Der Beklagten wird für jeden Fall der Zuwiderhandlung die Verhängung eines Ordnungsgeldes von bis zu 250.000,00 €, ersatzweise Ordnungshaft, oder von Ordnungshaft bis zu sechs Monaten angedroht, wobei die Ordnungshaft insgesamt zwei Jahre nicht übersteigen darf und an den Geschäftsführern der Beklagten zu vollziehen ist.
Die Beklagte wird verurteilt, der Klägerin Auskunft zu erteilen über den Umfang von Handlungen der oben unter b) und c) erwähnten Art.
Es wird festgestellt, dass die Beklagte verpflichtet ist, der Klägerin sämtlichen Schaden zu ersetzen, der der Klägerin wegen Handlungen der oben unter b) und c) erwähnten Art entstanden ist oder noch entstehen wird.

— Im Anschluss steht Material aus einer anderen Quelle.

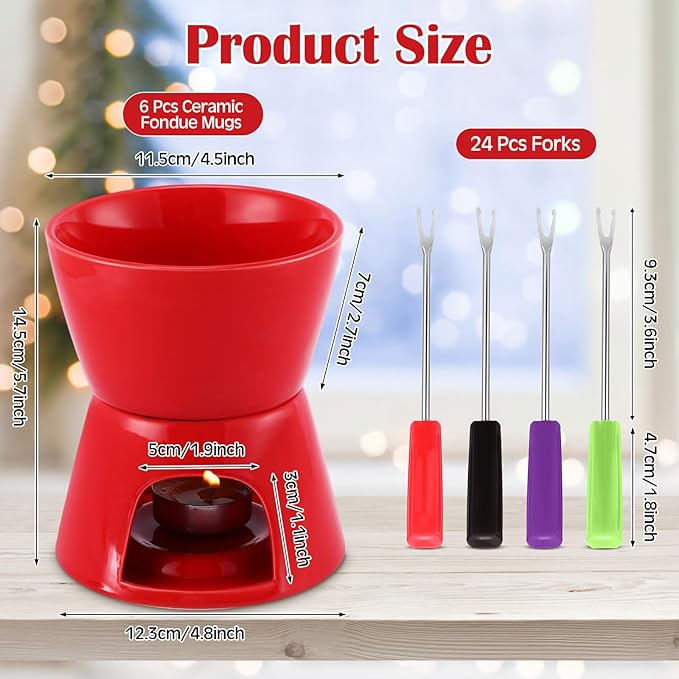 Mudder 6 Pieces Fondue Mug Ceramic Pot and 24 Pieces Forks Set for Melting Chocolate, Cheese, Broth or Tapas on Christmas Gift Valentine's Day(Red)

Im Übrigen wird die Klage abgewiesen.
Die erstinstanzlichen Kosten des Rechtsstreits tragen die Klägerin zu 32% und die Beklagte zu 68%. Die Kosten des Berufungsverfahrens tragen die Klägerin zu 20% und die Beklagte zu 80%.
Das Urteil ist vorläufig vollstreckbar. Soweit die Beklagte zur Unterlassung und zur Auskunftserteilung verurteilt worden ist, kann sie die Vollstreckung durch Sicherheitsleistung in Höhe von 40.000,00 € abwenden, sofern nicht die Klägerin vor der Vollstreckung Sicherheit in dieser Höhe leistet. Im Übrigen kann die jeweilige Vollstreckungsschuldnerin die Vollstreckung durch Sicherheitsleistung in Höhe von 110% des vollstreckbaren Betrages abwenden, sofern nicht die jeweilige Vollstreckungsgläubigerin vor der Vollstreckung Sicherheit in Höhe von 110% des jeweils zu vollstreckenden Betrages leistet.
Gründe
A.
Die Klägerin vertreibt im Onlinehandel Fahrräder und Fahrradzubehör. Die Beklagte vertreibt ebenfalls im Onlinehandel – u.a. über die Internetplattform „Z“ und dort unter dem Verkäufernamen „A“ – Fahrräder und Fahrradzubehör.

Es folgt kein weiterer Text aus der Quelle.